• [ASSIGNED TASK] Skip the pictures and write out, word for word, the lines below from the one with "The first product" through the one with "My work on pre-harvest", inclusive.

• [TASK MATERIAL]
● ● ● ●
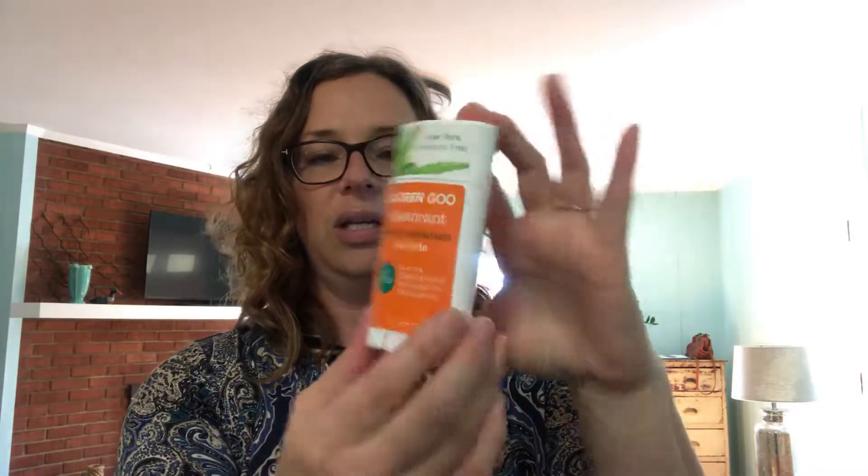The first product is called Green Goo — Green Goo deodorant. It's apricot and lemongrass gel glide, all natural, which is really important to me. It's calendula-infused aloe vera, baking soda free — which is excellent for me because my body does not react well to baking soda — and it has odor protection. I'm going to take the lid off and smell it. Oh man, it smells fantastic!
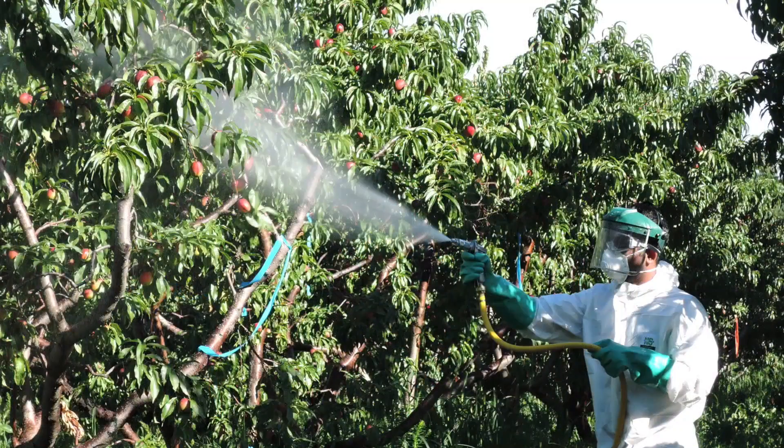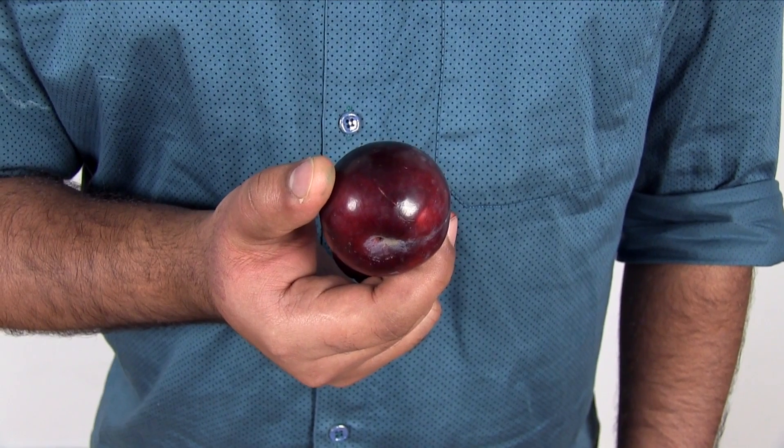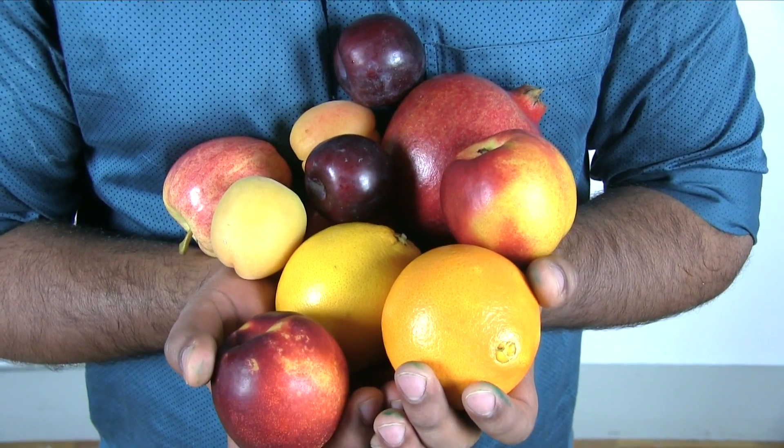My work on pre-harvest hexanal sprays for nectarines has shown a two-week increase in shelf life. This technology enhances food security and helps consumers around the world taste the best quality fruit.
● ● ● ●
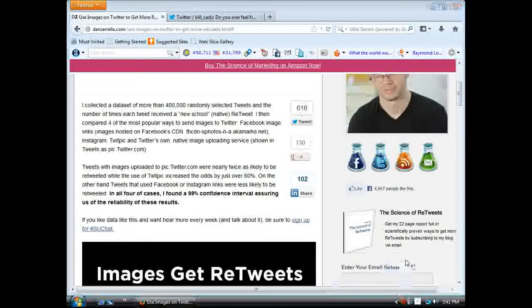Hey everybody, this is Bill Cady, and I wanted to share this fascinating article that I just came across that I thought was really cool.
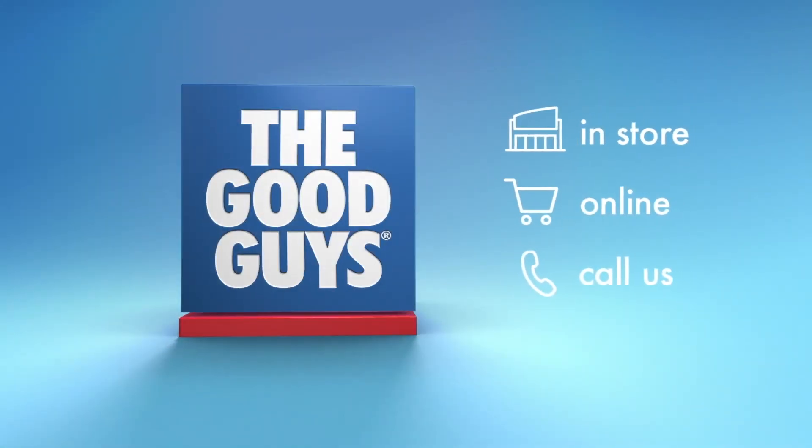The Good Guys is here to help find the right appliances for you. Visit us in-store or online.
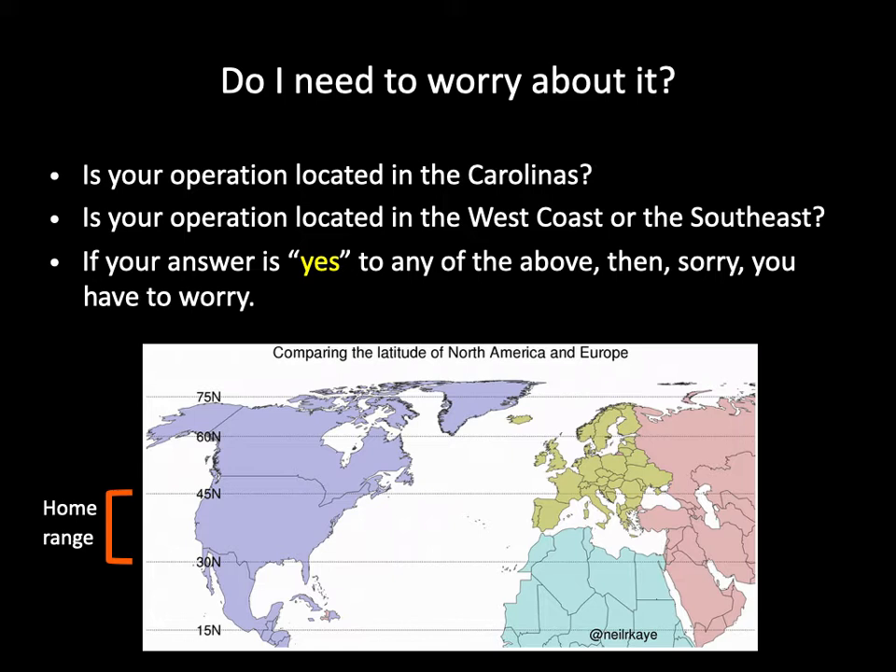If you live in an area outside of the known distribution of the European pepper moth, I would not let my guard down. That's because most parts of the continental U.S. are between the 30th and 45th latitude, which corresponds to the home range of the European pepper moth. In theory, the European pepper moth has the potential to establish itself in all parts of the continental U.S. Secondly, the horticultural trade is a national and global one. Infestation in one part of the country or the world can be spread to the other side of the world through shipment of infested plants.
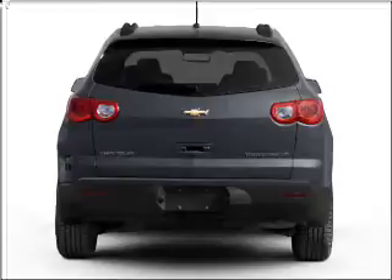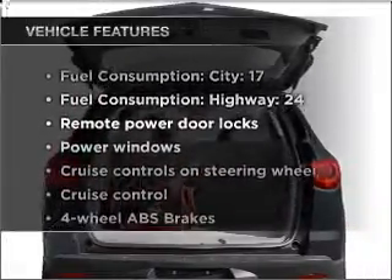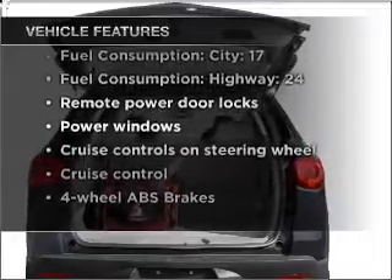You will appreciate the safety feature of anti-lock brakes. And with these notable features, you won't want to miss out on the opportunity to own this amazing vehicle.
● ● ● ●
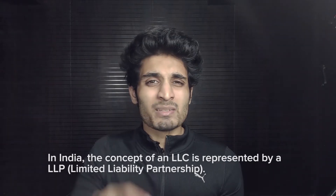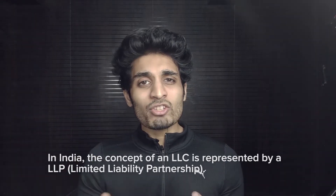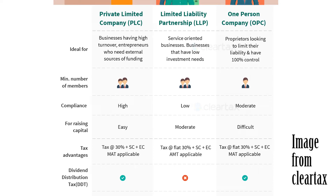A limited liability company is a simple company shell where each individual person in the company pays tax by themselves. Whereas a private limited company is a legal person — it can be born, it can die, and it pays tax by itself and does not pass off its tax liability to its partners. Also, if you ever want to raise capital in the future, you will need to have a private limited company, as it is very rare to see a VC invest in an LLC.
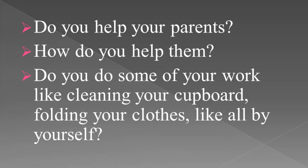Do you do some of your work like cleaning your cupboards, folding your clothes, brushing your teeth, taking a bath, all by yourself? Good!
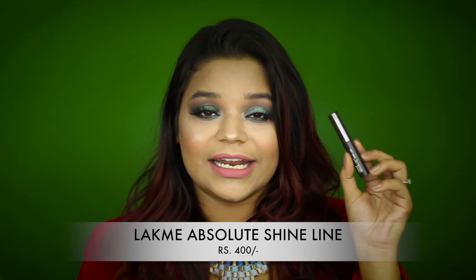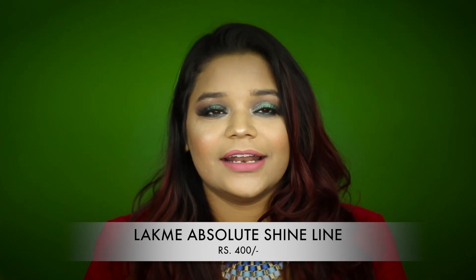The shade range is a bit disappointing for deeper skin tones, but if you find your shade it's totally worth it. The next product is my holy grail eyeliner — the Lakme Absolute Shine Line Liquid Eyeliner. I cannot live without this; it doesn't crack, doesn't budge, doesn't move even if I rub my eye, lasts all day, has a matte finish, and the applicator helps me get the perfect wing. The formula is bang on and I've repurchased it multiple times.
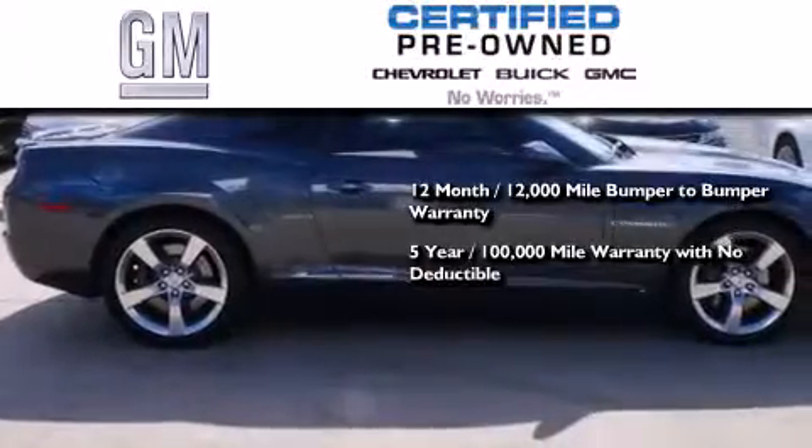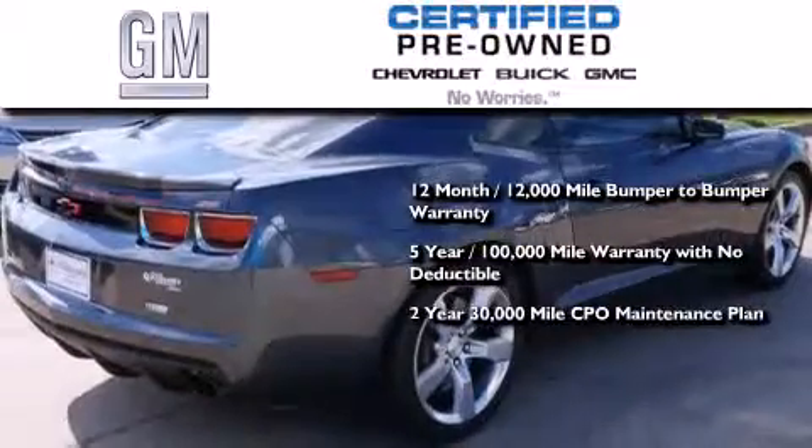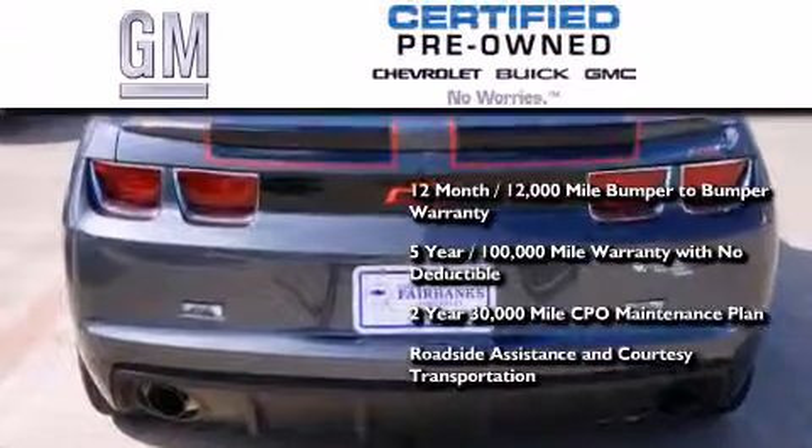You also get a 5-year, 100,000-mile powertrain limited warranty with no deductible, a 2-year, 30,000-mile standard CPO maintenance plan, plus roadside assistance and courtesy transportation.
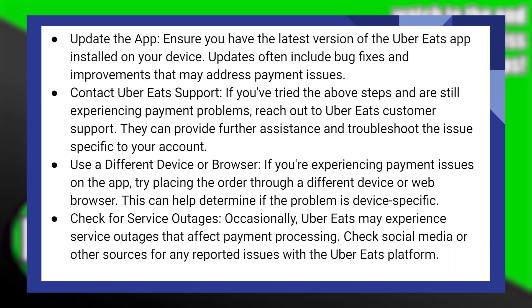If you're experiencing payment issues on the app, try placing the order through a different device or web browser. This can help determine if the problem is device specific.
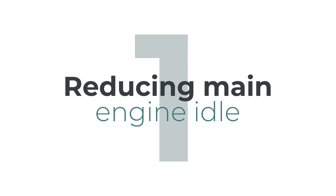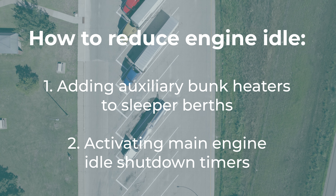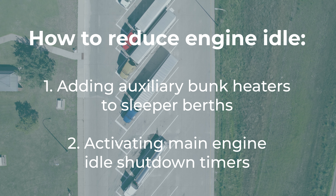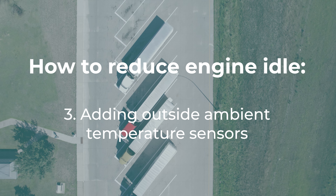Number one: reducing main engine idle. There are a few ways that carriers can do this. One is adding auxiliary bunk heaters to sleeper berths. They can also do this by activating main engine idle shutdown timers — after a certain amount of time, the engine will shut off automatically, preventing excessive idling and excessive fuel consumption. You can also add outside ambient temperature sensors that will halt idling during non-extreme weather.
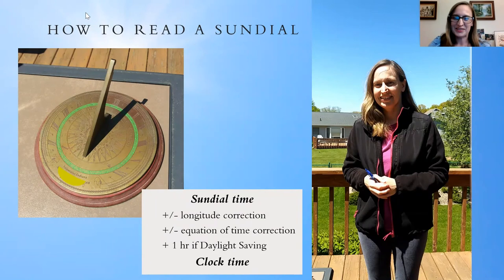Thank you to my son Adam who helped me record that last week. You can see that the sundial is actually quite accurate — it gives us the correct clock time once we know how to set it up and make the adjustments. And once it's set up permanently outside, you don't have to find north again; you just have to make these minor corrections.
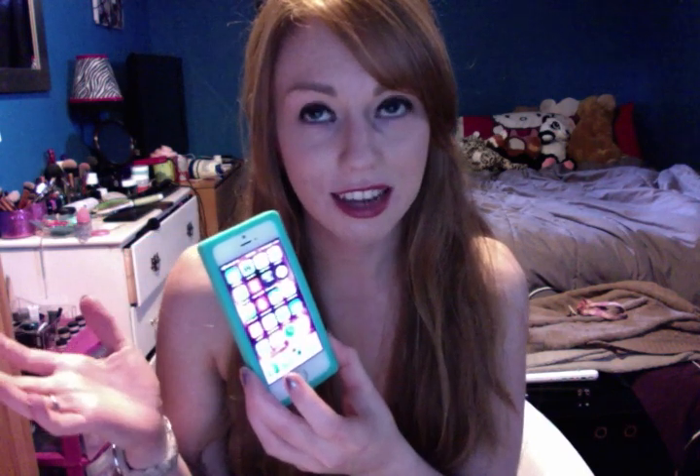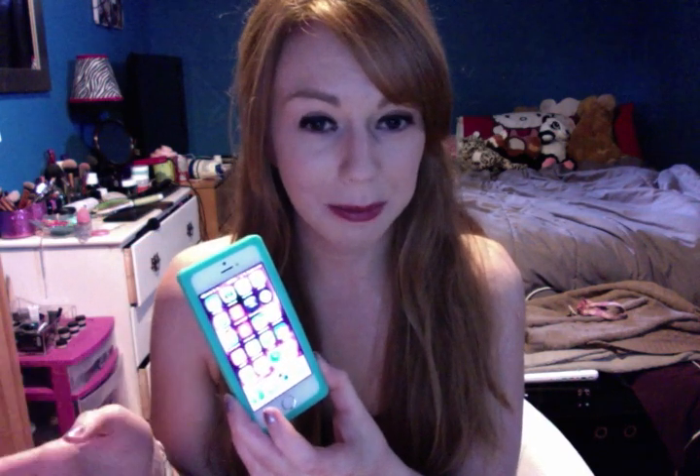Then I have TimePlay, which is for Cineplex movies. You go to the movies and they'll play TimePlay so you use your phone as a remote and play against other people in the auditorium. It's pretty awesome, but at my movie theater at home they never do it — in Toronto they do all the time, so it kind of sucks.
● ● ● ●
• [SOLVED PROBLEM]
The first product is called Green Goo — Green Goo deodorant. It's apricot and lemongrass gel glide, all natural, which is really important to me. It's calendula-infused aloe vera, baking soda free — which is excellent for me because my body does not react well to baking soda — and it has odor protection. I'm going to take the lid off and smell it. Oh man, it smells fantastic!
My work on pre-harvest hexanal sprays for nectarines has shown a two-week increase in shelf life. This technology enhances food security and helps consumers around the world taste the best quality fruit.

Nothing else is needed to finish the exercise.